Acne vulgaris is a non-contagious disease that causes several factors, including heredity, genetic predisposition, changes in the production of sex hormones, infection by bacteria and even stress.

Acne vulgaris is a very common dermatological disease associated with the production of male sex hormones. It affects the pilosebaceous glands that start to produce a greater amount of fatty secretion. This secretion cannot get beyond the opening of the pore and accumulates there forming open comedones (blackheads) that oxidize and darken in contact with the air, or closed comedones (whiteheads). The accumulation of this substance retained by the obstruction of hair follicles favors infection by bacteria, especially by Propionibacterium acnes .

Vulgaris acne is not contagious. The disease manifests itself more in puberty, adolescence and in young adults. In women, it can persist for longer and is called adult woman acne. In these cases, the lesions settle especially in the region of the jaw and can be correlated with the menstrual cycle. In men, the condition is usually more severe and, without treatment, can last for decades.

According to the different types and severity of injuries, acne vulgaris can be classified into:

  • Grade I acne (comedonic): open and closed comedones without inflammatory signs;
  • Grade II acne (papule-pustular): comedones, red and inflamed papules and pustules (pimples) with pus;
  •  Grade III acne (nodule-cystic): appearance of cysts, that is, deeper, inflamed and painful lesions;
  • Grade IV acne (conglobata): nodules, abscesses and purulent cysts, very inflamed and intercommunicating. This form of the disease can give the patient a disfiguring aspect;
  • Grade V acne (fulminans): a rare form that causes a fall in the patient’s general condition and requires hospitalization.

 

CAUSES AND RISK FACTORS

 

Acne is a multifactorial disease. Heredity, genetic predisposition, changes in the production of sex hormones, infection by bacteria and even emotional stress are considered risk factors for the manifestation of the disease or worsening of the condition. Although there are no studies proving the correlation between the diet and the appearance of lesions, if the patient notices that certain fatty foods (chocolate, fried foods, nuts, peanuts, for example) worsen the crises, he should exclude them from the usual diet. People with oily skin should also avoid using makeup products, lotions and greasy moisturizers.

 

SYMPTOMS

 

The lesions of acne vulgaris appear more on the face, shoulders, chest and back and vary in intensity according to the type of skin and predisposition to the disease. Pain, itching and irritation in the affected areas are symptoms of the disease. In addition to these, because of the appearance that injuries give to carriers, emotional problems, sociability and compromised self-esteem may arise.

More serious injuries and inadequate wound handling by patients themselves may be responsible for the appearance of scars that are difficult to correct.

 

DIAGNOSIS

 

The clinical diagnosis considers the presence of comedones, the appearance of the lesions and the patient’s history. It is always important to establish the differential diagnosis with other diseases that cause papules and pustules to guide the specific treatment for acne vulgaris.

 

TREATMENT

 

The treatment is based on the type and severity of the lesions and must be maintained until their complete disappearance. In the mildest cases, the local application of medications (tretinoin / retinoic acid, benzoyl peroxide) may be sufficient to unclog hair follicles, control oiliness and prevent the development of bacteria.

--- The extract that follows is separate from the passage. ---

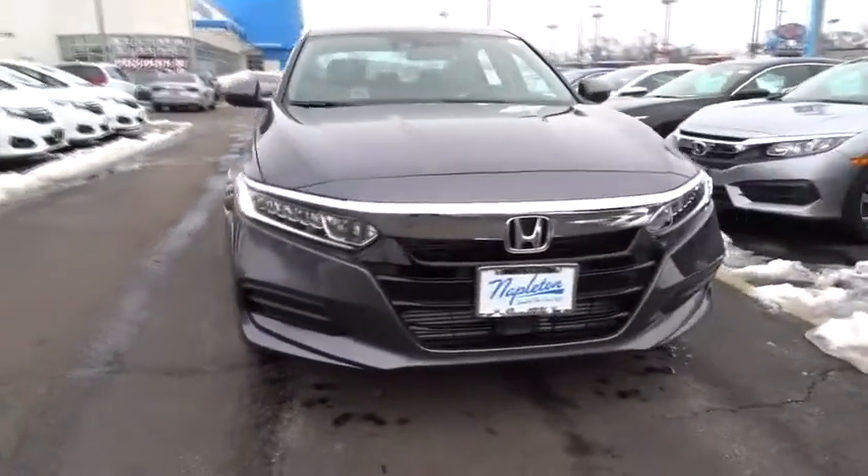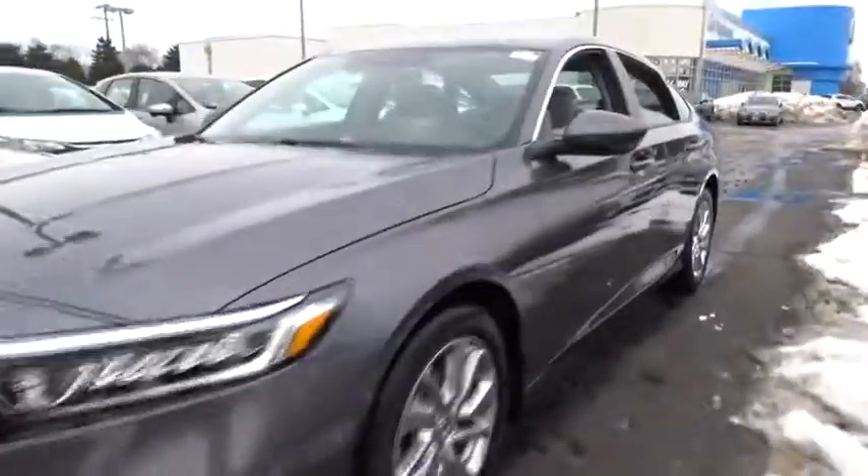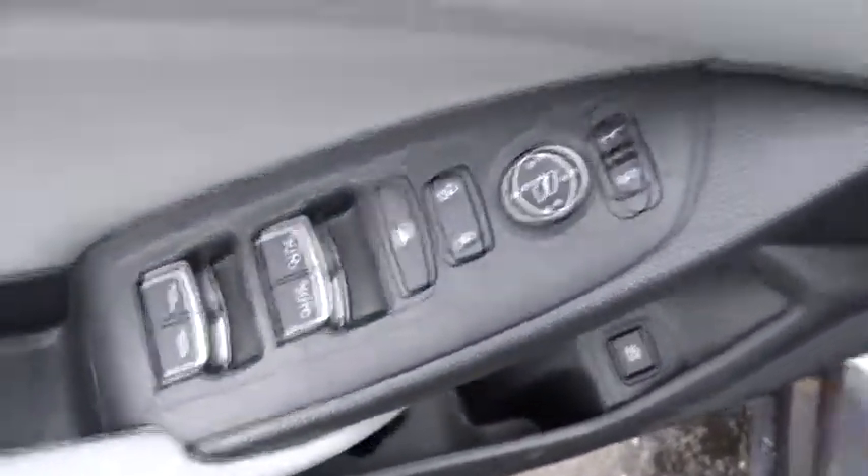The 2018 Honda Accord — ingeniously simple, yet overflowing with luxury and technological creativity. All that and more in the Accord. This vehicle has less than 100 miles. Here are some of this vehicle's great options.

Antibiotics orally or topically or in the form of injections inside the lesions represent a therapeutic option for cases of inflammatory and purulent acne.

Cleaning the skin to remove open and closed comedones only makes sense if it is part of the acne treatment prescribed by a dermatologist. Chemical peels, microdermabrasion and laser are other therapeutic methods indicated for acne vulgaris.

 

RECOMMENDATIONS

 

It is always good to repeat that:

  • Washing your face several times a day does not prevent the appearance of acne vulgaris or improve the lesions already installed, but it is very important to clean the skin, especially at night, before sleeping;
  • Squeezing the pimples can result in the formation of permanent scars;
  • Exposing the face to sunlight does not have a curative effect on the lesions caused by acne;
  • Seeking psychological help can represent an important resource for acne sufferers with impaired self-esteem;
  • Following the advice of a dermatologist is the best, if not the only, way to treat skin diseases.